#### [DATA SHOWN]
# # # # # # #
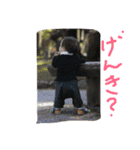 cocoa cat1（個別スタンプ：13）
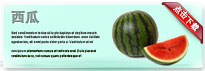 watermelon-thum-cn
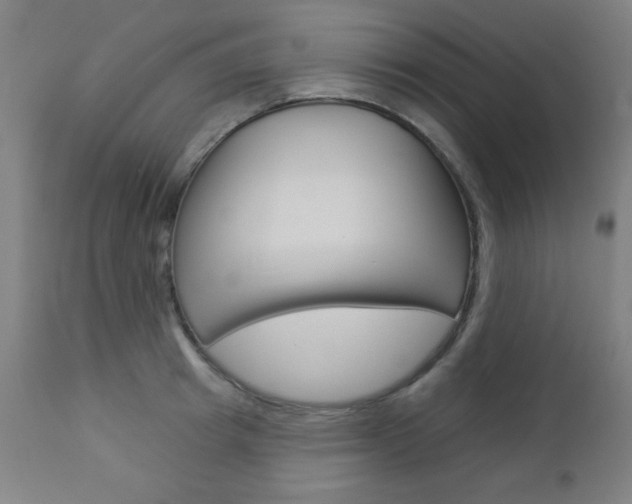 X0000112960849200908270918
# # # # # # #
#### [YOUR OBJECTIVE]
From the first line to the last, write out the data above exactly. Omit the pictures.

#### [SOLUTION FOR THIS TASK]
 cocoa cat1（個別スタンプ：13）
 watermelon-thum-cn
 X0000112960849200908270918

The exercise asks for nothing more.